→ **TASK DIRECTIONS**: Note the line containing "711 Monssen Parkway, Dallas, TX"; from it through the last line below, give only those lines again, exactly, both ends included, skipping pictures.

→ **THE DATA**:
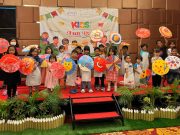 Songsong Imlek, Aston Madiun Ajak Anak Melukis Payung Tradisional Khas Tiongkok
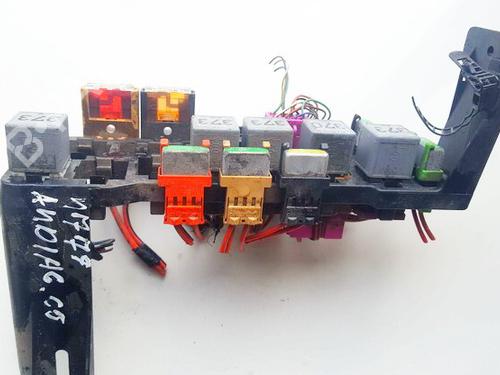 fuse-box-audi-a6-c5-4b2-4b4-1997-1998-1999-2000-2001-2002-2003-2004-2005-33519516 main image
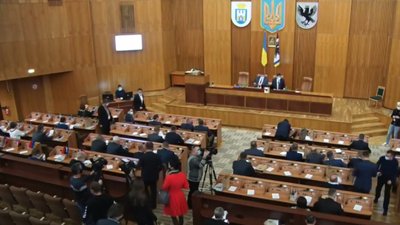 Івано-Франківська обласна рада провела останнє засідання сесії
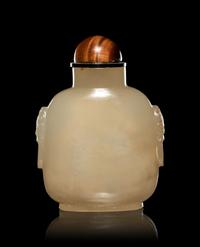 A Carved Agate Snuff Bottle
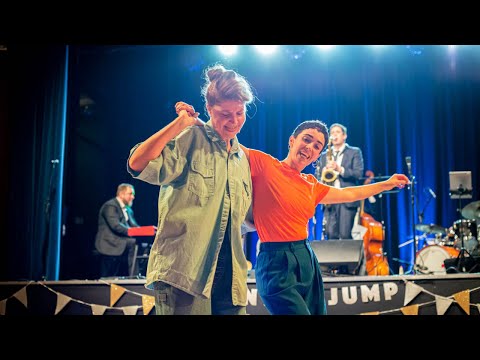 Winter Jump 2025 - Clàudia & Maria to the saxophone of Lars Frank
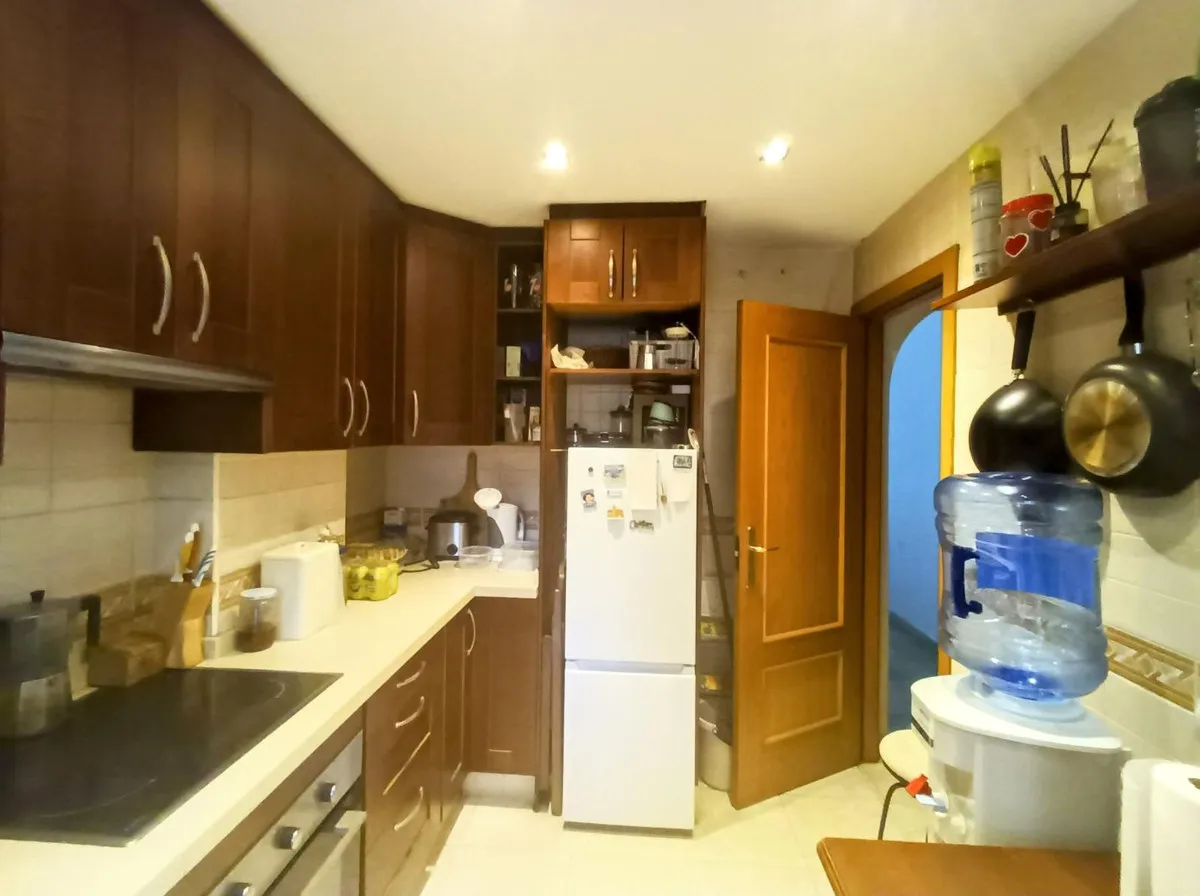 59594595-8e33-4111-a09d-f6698b814bd5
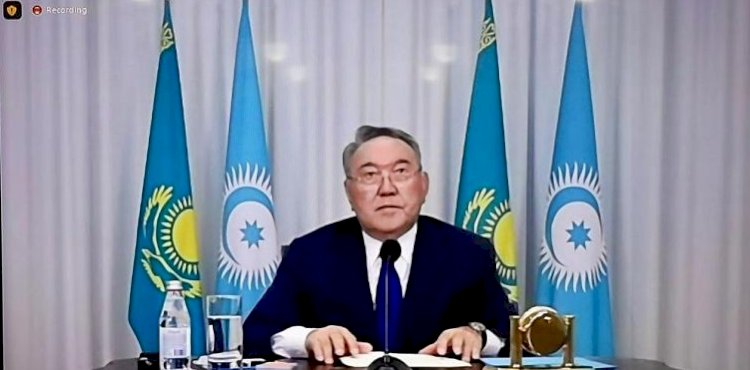 Kazakistan: 'Anayasa'da Nazarbayev'in kurucu cumhurbaşkanı statüsüne gerek yok'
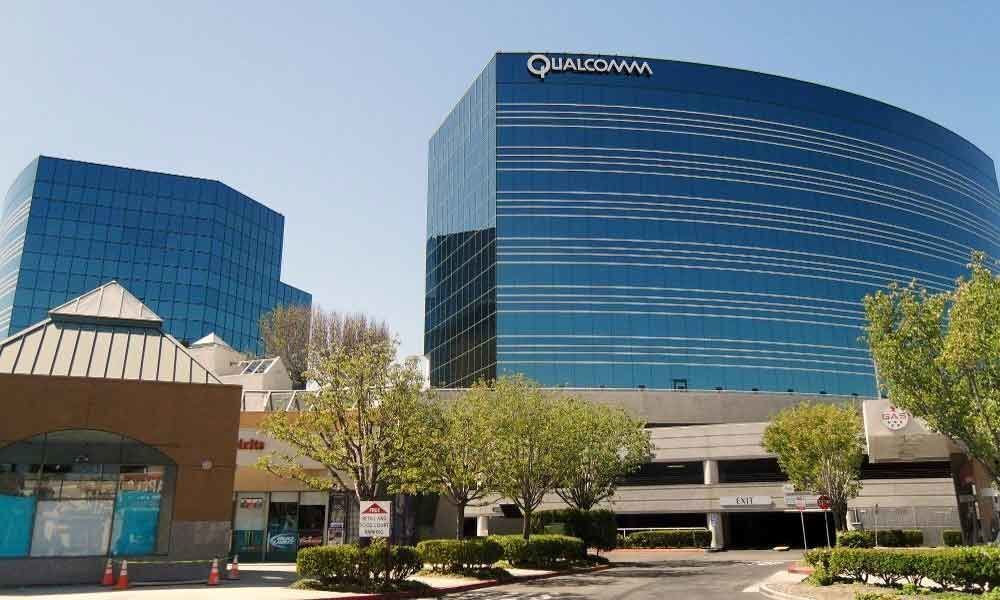 Windfall From Royalty Battle : Qualcomm may get at least   $4.7 bn from Apple settlement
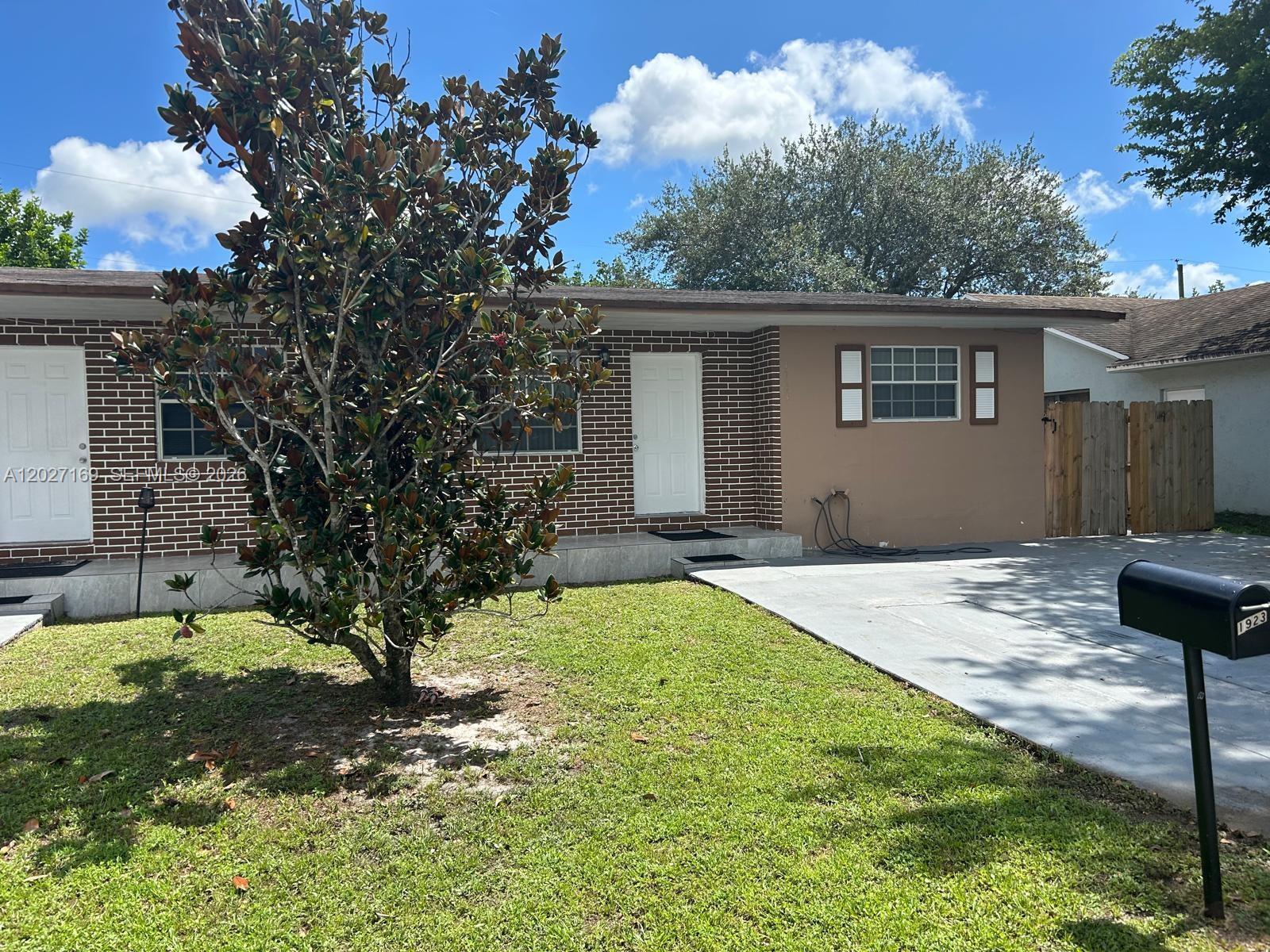 1923 SW 99th Ter, Miramar FL 33025 photo 2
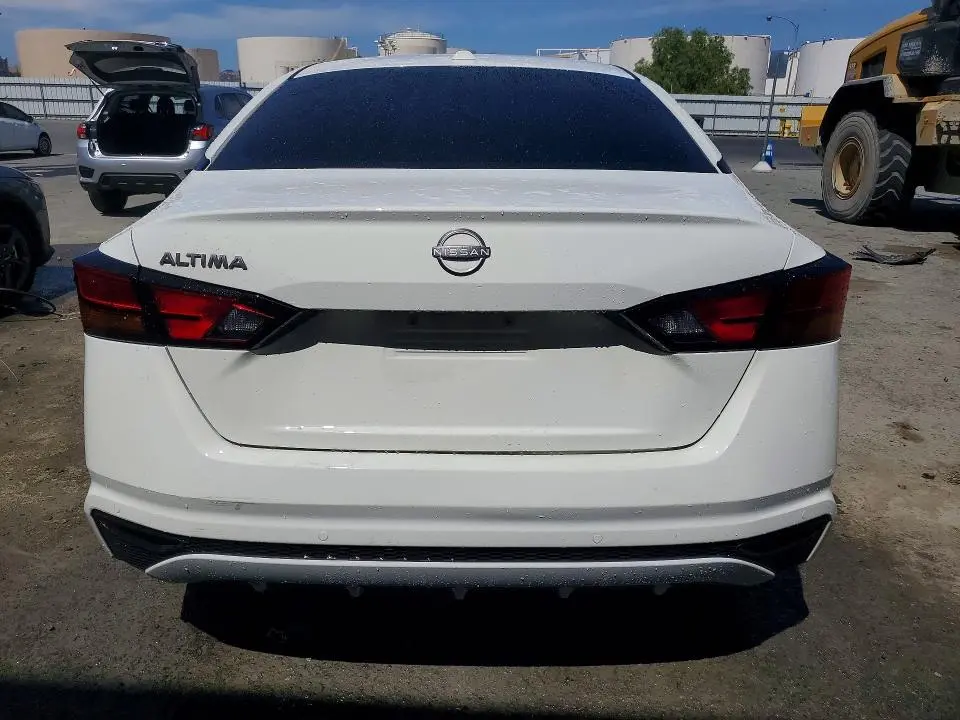 2025 NISSAN ALTIMA SV  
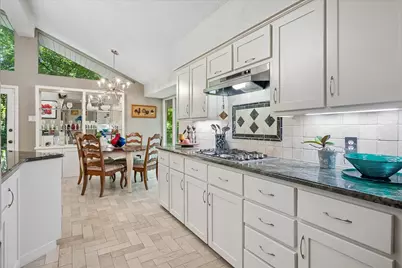 711 Monssen Parkway, Dallas, TX 75224 - Photo 9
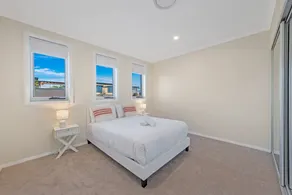 Large Cozy New House at Marsden Park - Image 4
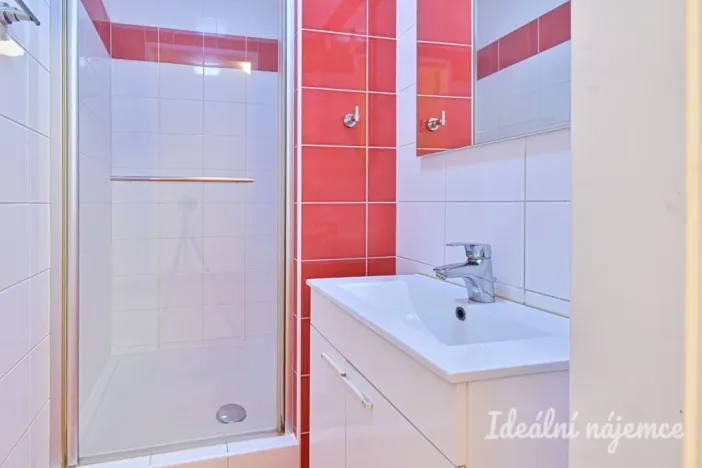Pronájem bytu 1+kk, Brno - Líšeň, Kosíkova, 33 m2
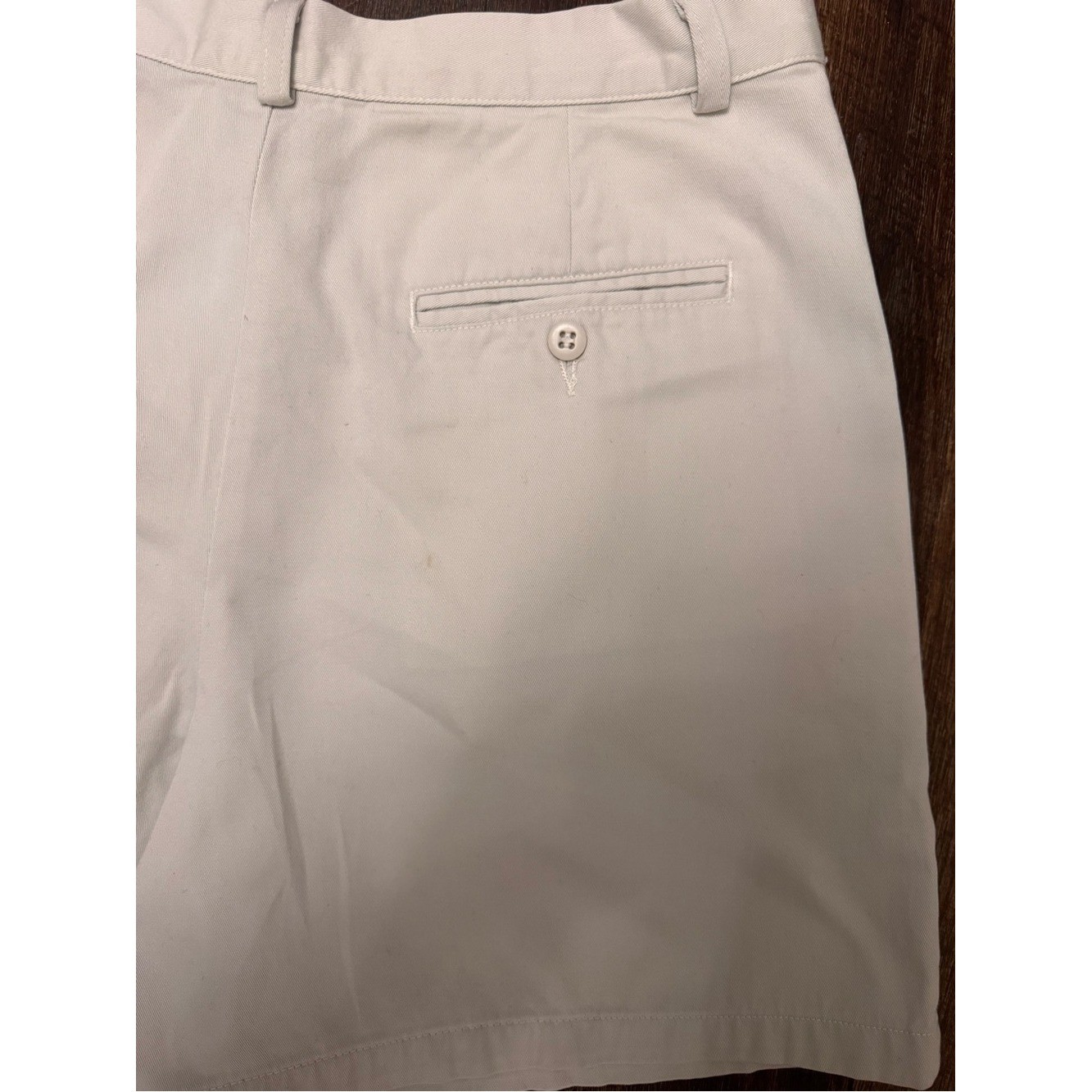 Vintage Y2K Dockers Khaki Cotton Shorts Women’s Size 12 High Rise 6″ Inseam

→ **TASK SOLUTION**:
 711 Monssen Parkway, Dallas, TX 75224 - Photo 9
 Large Cozy New House at Marsden Park - Image 4
Pronájem bytu 1+kk, Brno - Líšeň, Kosíkova, 33 m2
 Vintage Y2K Dockers Khaki Cotton Shorts Women’s Size 12 High Rise 6″ Inseam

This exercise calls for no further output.